Maar:
V. 443. |
De diepe questien die si ontbant |
444. |
daer si den sin af vant. |
Het eerste ware in 't latijn: unde veniat; het tweede: quarum invenit.
Vondel bezigt nog heel dikwijls daar als betrekkelijk-aanwijzend, maar ook al het nieuwerwetsch waar.

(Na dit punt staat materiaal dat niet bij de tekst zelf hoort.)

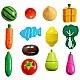 Wooden vegetable cutting board and accessories - 34 pieces - Kruzzel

Alzoo b.v. in zijnen Lucifer (uitgave van P. Busschaert) 1ste bedrijf, 1ste tooneel:
V. 12. |
|
en laat een spoor van licht |
13. |
En glansen achter zich waar zijn gezwinde wieken |
14. |
De wolken breken. Hij begint ons lucht te rieken, |
15. |
In eenen anderen dag en schooner zonneschijn, |
16. |
Daar 't licht zich spiegelt in het blauwe kristalijn. |
Zoo ook:
V. 51. |
Op 't aanzicht van den kloot, daar de oceaan om spoelt, |
52. |
Waarin zoo menig slag van zeegedrochten woelt. |
2) Van Beers zijn beweren en steunt ook op het gezag der taal- en spraakkundigen niet.
Huydecoper in zijne ‘Proeve van Taal- en Dichtkunde’, Amsterdam, MDCCXXX, bladz. 469, zegt dat Daer zy om badt en waerom zy badt taalkundig even goed zijn. Verder geven wij zijne eigene woorden.
In de Ziekte der Geleerden, III zang v. 165 staat er: ‘De droppels daar de Nijl.... Egyptens grond meê laaft’. Daarbij teekent vader David aan dat Bilderdijk hier zijne spraakkunste tegenspreekt, en de oude tale indachtig is; immers met daar te zetten voor waar. David en durft het niet kwaad keuren, zegt hij, om reden dat het in Braband dagelijks gebruikt wordt.
Brill in zijne Ned. Spraakleer, 1ste deel, uitgave van 1871, zegt op bladz. 252, no 3:
‘Het bijwoord waar, soms ook nog wel daar, gevolgd door een der woordjes af, van, mede, toe, door, enz., vervangt vaak het betrekkelijk voornaamwoord.’